- **PROBLEM DESCRIPTION**
Please tally the lines below that contain the word "фото" and reply with the total alone.

- **RECORDS SHOWN**
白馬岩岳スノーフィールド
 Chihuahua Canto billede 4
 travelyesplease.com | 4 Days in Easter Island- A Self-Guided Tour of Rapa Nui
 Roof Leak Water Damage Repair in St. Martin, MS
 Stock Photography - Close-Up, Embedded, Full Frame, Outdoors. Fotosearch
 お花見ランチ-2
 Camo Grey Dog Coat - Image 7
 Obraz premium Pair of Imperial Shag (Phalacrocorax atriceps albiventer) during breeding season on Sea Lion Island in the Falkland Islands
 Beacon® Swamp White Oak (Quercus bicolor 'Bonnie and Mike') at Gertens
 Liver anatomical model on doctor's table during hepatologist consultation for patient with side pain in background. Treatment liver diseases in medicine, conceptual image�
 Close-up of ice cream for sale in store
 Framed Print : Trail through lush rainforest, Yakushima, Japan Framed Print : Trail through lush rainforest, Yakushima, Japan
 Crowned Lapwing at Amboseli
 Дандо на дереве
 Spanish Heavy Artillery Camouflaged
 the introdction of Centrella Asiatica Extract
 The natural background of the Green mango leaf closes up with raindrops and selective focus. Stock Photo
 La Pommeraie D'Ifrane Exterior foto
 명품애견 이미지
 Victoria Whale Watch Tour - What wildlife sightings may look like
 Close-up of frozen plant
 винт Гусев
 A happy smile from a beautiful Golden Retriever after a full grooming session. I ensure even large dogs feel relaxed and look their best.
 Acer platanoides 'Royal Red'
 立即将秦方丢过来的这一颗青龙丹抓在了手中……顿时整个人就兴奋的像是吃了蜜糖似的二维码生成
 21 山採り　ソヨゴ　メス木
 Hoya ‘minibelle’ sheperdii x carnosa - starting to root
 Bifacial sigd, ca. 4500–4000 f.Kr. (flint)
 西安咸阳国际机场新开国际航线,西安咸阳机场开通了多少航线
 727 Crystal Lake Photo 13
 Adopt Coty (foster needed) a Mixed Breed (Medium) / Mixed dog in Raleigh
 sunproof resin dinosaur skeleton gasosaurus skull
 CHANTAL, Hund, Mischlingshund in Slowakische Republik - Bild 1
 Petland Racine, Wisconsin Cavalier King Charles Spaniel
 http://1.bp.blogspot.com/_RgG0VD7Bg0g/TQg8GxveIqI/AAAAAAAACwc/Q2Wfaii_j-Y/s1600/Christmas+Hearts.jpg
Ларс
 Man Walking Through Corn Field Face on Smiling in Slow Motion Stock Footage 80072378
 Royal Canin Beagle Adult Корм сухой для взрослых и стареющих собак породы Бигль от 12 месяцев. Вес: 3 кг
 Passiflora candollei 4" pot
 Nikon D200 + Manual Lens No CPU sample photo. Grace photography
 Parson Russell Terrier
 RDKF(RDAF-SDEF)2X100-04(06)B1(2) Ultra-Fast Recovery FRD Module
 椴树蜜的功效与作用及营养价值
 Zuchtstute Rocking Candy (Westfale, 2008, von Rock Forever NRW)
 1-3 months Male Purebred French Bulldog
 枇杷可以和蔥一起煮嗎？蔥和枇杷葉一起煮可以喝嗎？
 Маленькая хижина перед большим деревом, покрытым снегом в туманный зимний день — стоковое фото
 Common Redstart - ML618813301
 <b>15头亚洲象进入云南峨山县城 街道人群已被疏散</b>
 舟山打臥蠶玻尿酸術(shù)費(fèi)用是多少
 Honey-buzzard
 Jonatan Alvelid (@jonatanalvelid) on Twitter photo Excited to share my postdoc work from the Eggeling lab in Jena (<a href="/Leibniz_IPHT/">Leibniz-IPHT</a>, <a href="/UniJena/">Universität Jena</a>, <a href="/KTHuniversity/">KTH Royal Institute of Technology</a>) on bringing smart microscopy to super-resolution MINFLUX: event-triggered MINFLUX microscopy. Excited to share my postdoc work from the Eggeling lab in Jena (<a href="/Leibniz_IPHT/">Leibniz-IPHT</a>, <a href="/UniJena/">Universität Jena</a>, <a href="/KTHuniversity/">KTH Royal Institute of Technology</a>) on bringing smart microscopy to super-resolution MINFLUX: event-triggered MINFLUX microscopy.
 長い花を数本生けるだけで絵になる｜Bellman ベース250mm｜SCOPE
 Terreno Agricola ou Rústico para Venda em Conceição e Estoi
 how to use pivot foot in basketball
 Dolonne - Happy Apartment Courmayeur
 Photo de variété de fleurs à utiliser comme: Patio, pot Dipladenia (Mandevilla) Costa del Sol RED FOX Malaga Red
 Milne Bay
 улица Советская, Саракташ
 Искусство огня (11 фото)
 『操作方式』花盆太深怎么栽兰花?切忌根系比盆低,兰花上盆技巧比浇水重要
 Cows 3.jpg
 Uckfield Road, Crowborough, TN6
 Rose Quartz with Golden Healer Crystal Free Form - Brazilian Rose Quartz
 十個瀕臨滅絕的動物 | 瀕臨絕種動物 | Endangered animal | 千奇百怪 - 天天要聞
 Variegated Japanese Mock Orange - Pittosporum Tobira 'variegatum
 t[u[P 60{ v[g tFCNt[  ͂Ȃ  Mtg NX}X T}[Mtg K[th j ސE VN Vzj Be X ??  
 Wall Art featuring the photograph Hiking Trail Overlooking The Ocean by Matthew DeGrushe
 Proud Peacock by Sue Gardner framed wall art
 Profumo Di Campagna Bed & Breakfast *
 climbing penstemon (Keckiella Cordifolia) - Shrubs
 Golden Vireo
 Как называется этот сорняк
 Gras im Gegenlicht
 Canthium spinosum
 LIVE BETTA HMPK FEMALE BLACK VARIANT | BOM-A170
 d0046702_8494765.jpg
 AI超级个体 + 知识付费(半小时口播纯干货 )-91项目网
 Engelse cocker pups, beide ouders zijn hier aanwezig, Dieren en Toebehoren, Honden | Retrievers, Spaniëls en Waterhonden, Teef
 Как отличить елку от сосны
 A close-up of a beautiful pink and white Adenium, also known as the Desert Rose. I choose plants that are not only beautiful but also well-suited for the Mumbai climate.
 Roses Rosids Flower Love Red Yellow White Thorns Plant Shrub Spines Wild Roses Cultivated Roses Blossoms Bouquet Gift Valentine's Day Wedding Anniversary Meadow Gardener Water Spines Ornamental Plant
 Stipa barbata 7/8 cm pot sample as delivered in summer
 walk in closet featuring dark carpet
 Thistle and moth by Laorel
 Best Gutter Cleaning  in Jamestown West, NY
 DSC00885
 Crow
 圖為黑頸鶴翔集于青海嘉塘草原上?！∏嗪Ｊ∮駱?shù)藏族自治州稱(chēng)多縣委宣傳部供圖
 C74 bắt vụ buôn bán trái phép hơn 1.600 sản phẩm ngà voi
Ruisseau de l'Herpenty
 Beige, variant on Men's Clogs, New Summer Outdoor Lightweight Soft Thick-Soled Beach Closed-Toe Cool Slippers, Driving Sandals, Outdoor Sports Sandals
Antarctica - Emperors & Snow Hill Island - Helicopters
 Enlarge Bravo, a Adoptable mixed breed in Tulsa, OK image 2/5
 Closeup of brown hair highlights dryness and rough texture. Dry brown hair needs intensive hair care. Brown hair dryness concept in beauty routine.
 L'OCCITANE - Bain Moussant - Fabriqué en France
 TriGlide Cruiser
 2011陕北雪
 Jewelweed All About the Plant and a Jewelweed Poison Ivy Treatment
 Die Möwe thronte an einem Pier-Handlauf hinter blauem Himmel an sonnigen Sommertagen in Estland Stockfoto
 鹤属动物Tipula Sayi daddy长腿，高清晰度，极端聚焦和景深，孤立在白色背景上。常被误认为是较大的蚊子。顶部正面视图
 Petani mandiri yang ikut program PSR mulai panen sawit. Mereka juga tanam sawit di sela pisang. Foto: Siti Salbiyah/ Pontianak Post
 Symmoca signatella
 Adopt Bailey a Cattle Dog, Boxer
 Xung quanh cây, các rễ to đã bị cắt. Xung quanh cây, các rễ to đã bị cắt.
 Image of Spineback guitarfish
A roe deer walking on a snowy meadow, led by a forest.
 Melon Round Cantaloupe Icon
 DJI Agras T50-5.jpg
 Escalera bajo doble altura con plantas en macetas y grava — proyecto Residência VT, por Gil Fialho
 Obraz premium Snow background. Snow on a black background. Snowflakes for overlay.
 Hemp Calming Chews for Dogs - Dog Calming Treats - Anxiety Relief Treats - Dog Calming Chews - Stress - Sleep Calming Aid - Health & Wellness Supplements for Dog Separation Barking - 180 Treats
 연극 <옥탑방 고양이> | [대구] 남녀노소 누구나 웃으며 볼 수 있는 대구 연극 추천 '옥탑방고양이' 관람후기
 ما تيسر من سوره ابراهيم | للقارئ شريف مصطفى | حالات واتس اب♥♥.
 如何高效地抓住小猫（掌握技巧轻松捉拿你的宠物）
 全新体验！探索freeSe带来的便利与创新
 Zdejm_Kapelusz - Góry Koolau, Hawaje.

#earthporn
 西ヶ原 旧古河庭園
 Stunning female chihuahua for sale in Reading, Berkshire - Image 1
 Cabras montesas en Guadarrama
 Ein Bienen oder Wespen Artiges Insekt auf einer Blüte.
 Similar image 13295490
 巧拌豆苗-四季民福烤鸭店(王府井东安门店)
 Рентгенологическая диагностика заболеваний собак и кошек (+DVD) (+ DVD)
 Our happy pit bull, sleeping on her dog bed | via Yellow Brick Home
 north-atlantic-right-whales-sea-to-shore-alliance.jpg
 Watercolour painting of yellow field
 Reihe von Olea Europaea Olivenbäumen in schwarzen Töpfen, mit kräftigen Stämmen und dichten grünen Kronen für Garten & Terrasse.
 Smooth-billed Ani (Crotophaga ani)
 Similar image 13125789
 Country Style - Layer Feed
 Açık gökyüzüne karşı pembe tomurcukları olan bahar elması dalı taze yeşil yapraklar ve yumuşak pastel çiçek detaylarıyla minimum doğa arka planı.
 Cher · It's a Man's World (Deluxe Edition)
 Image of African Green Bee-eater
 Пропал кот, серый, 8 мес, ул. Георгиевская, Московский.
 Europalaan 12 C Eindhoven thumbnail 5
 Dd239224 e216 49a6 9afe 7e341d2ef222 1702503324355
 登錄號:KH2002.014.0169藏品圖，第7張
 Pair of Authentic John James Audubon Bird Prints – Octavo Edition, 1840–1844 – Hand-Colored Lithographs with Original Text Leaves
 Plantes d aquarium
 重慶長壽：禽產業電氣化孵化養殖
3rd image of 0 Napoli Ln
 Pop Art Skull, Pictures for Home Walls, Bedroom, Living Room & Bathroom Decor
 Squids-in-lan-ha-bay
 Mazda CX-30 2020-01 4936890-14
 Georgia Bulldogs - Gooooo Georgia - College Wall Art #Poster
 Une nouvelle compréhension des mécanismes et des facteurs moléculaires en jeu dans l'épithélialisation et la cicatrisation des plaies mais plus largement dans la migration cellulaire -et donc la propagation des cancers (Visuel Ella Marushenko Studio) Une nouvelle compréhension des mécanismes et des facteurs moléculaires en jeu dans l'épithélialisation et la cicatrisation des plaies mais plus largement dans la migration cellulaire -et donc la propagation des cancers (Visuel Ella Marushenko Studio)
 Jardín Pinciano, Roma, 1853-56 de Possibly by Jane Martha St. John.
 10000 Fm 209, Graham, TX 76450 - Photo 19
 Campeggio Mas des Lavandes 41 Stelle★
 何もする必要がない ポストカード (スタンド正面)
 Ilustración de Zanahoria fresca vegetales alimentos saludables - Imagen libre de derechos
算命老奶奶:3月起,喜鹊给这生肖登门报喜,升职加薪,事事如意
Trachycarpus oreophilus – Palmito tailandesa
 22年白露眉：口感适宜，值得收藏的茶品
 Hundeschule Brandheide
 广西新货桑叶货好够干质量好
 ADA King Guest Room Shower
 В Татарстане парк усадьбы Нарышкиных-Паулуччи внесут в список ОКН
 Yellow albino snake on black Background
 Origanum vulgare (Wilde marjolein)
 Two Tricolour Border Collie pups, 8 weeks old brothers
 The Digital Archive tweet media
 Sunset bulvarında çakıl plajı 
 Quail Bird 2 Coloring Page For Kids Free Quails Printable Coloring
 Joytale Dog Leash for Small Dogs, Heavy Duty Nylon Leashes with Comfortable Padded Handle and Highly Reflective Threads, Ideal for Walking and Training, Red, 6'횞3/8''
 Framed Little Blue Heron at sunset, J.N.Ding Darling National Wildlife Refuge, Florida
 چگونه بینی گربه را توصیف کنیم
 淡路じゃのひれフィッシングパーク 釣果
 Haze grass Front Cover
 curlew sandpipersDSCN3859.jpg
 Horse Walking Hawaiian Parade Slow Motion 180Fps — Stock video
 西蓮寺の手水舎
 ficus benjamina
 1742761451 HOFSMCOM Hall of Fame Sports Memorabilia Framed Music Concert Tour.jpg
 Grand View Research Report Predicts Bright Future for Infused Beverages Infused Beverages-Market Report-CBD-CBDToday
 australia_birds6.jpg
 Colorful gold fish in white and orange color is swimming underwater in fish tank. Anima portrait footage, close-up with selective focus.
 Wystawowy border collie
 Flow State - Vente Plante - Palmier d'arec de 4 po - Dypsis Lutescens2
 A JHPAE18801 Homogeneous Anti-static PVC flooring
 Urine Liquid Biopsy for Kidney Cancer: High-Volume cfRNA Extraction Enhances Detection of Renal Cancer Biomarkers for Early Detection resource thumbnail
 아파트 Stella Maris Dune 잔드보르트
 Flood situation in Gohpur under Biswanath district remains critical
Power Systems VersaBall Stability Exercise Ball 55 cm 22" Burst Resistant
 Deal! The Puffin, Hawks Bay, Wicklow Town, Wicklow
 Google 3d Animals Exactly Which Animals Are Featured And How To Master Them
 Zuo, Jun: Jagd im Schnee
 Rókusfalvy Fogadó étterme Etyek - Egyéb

- **SOLUTION FOR THIS TASK**
2